Blocking allows your stitches to assume their intended shape; it relaxes and sets the yarn so the stitches will retain their intended shape.
The stitches of crochet and knitting tend to pull in one direction or another, so they often cause your work to curl. My little Perspective Daisies (from Crochet Garden) are so curly they look like nine-legged spiders. In the process of making Crochet Charm Lace, the flowers will be pinned to a fabric template. Unless I want to place a pin in each petal to hold it flat as I try to arrange the motifs and fit them together (nightmare!), the flowers need to be blocked.

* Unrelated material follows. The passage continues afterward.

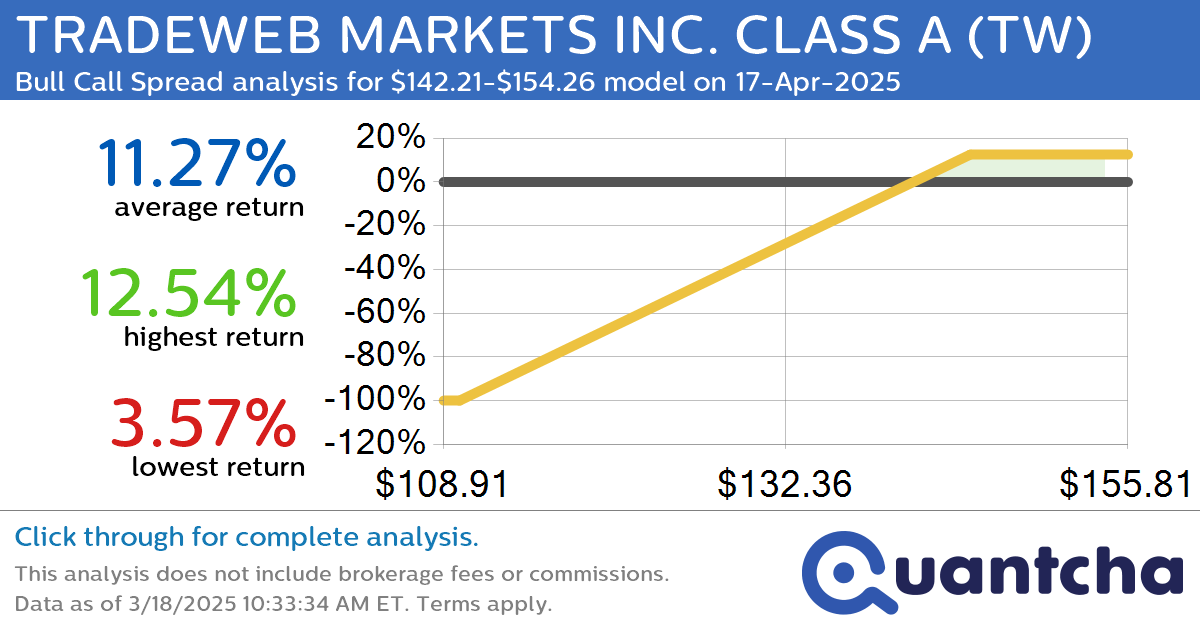 52-Week High Alert: Trading today’s movement in TRADEWEB MARKETS INC. CLASS A $TW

Here’s how to block small pieces, like flowers:
You will need
- A place to lay out your work to dry and maybe to pin
- Water, either from the tap or in a spray mister
- Pins (possibly)
- Steam iron
- Clean press cloth (optional)
- Moisten crocheted piece. You can spray the piece with a mister, or hold a handful of flowers under the tap, then squeeze out excess water.
- Unfurl and stretch out all the bits that are meant to be flat. I did this for each and every daisy petal. That took some time.
- If a piece still curls stubbornly, pin it flat.
- You may stop here and simply let the items dry, especially if your yarn will not take well to steam.
- If you are going to steam your pieces, consider turning them face-down. This protects the public side of your piece in case the unthinkable happens (you know, scorching).
- You may wish to use a press cloth to protect your pieces. Moisten and wring out a clean tea towel or cloth diaper. Lay it over the crocheted piece.
- Bearing the weight of the steam iron in your hand, hold the iron over the pieces and let the steam penetrate the stitches. (The iron will release steam from the press cloth, too.)
- Let the pieces dry, remove pins if necessary.
For a thorough discussion of blocking and its various uses, read Lily Chin’s Couture Crochet Workshop.